But at the Consumer Electronics Show this week, Microsoft is discussing and demonstrating some different Surface application prototypes that seem somewhat more compelling -- customizable retail, education -- and dropped hints about gaming and office-productivity Surface apps that might be in the pipeline.
Written by Mary Jo Foley, Senior Contributing Editor

The demo applications Microsoft has shown so far for its Surface touch-tabletop system --for  ordering drinks, sharing photos by dragging them and finger painting -- have left me cold.

But at the Consumer Electronics Show this week, Microsoft is discussing and demonstrating some different Surface application prototypes that seem somewhat more compelling.

During his CES keynote, Microsoft Chairman Bill Gates showed off a snowboard-customization demo that indicates the kinds of interactive retail applications which might shine on Surface multi-touch systems. Microsoft issued some talking points about the demo, claiming it "provides a clear solution to common consumer pain points," including (according to Microsoft):

  • being overwhelmed by choices
  • not having enough information
  • can’t make it yours
  • want to share it with friends

"The (Surface snowboard) application showcases the four key attributes of a surface computer including; multi-touch, object recognition, direct interaction and multi-user," said an e-mail message sent to me by the Surface team.

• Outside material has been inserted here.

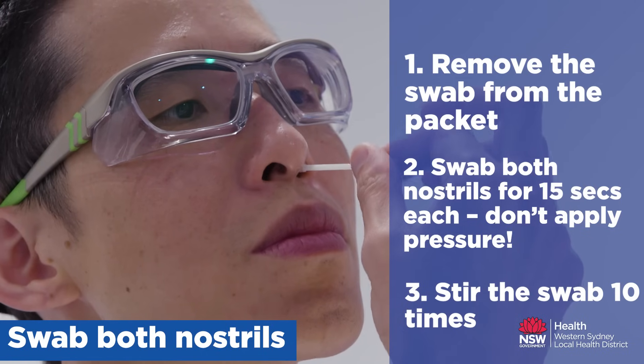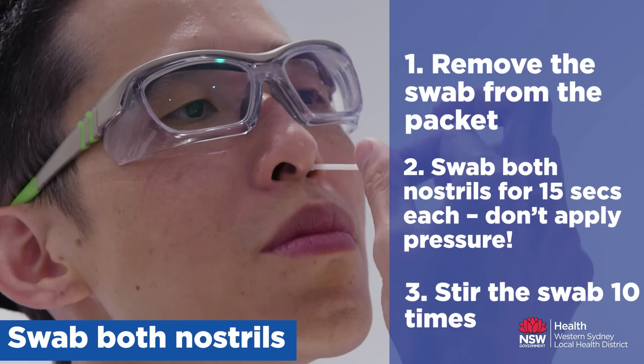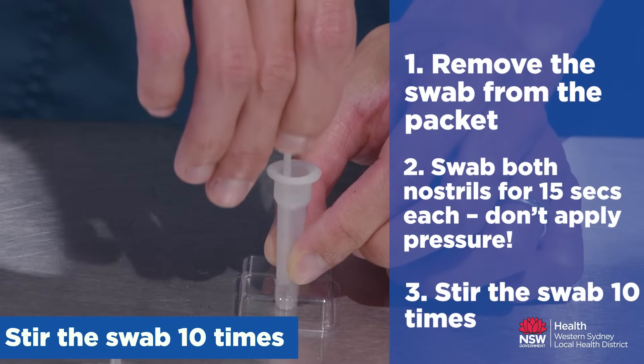Rotate the swab four times. Squeeze the tube at the bottom and hold it tight.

Microsoft also is highlighting at this week's CES show a "wine-bar demo application." This app looks similar to the drink and food ordering application Microsoft has been showing off for the past few months during public Surface demos. But there's one new element I hadn't seen before that is more educational. Tags on customers' wine glasses, when placed on the Surface tabletop, call up a map of the region from which the wine originates. The touch-activated map can provide all kinds of additional details about the vinters, the grapes, the climate, etc.

For those who listened closely to Gates' Sunday night keynote, there was a hint that gaming and office-productivity applications are in the pipeline for a Surface "desk," "meeting room table" or other kinds of future Surface systems, as well. From the transcript of Gates' remarks:

"Your desk, we won't just have the computer on the desk, but in the desk, so a meeting room table as you're collaborating, and the living room if you want to briefing up and play games with something like a Surface, or organize your photos. It will just be there, and easy to manipulate, easy to change and have multiple people connect up."

Gates and others at Microsoft are still betting big on natural user interfaces -- touch, speech, gestures -- as being the keys to the input kingdom. Supposedly, these input modes were going to take off during the "first digital decade." But Tablet PCs didn't take hold at anywhere near the rates he predicted.

While touch and speech will no doubt take off on cell phones and on-board auto systems, I admit I'm still am a doubter about how quickly or well they'll be adopted by PC users. Call me a Luddite, but if the Surface had a keyboard, I'd definitely prefer it over touch or speech.

What's your take on the Surface? Will touch technology drive the Surface? Or will Surface finally get more Microsoft users to make use of non-keyboard-based input technologies?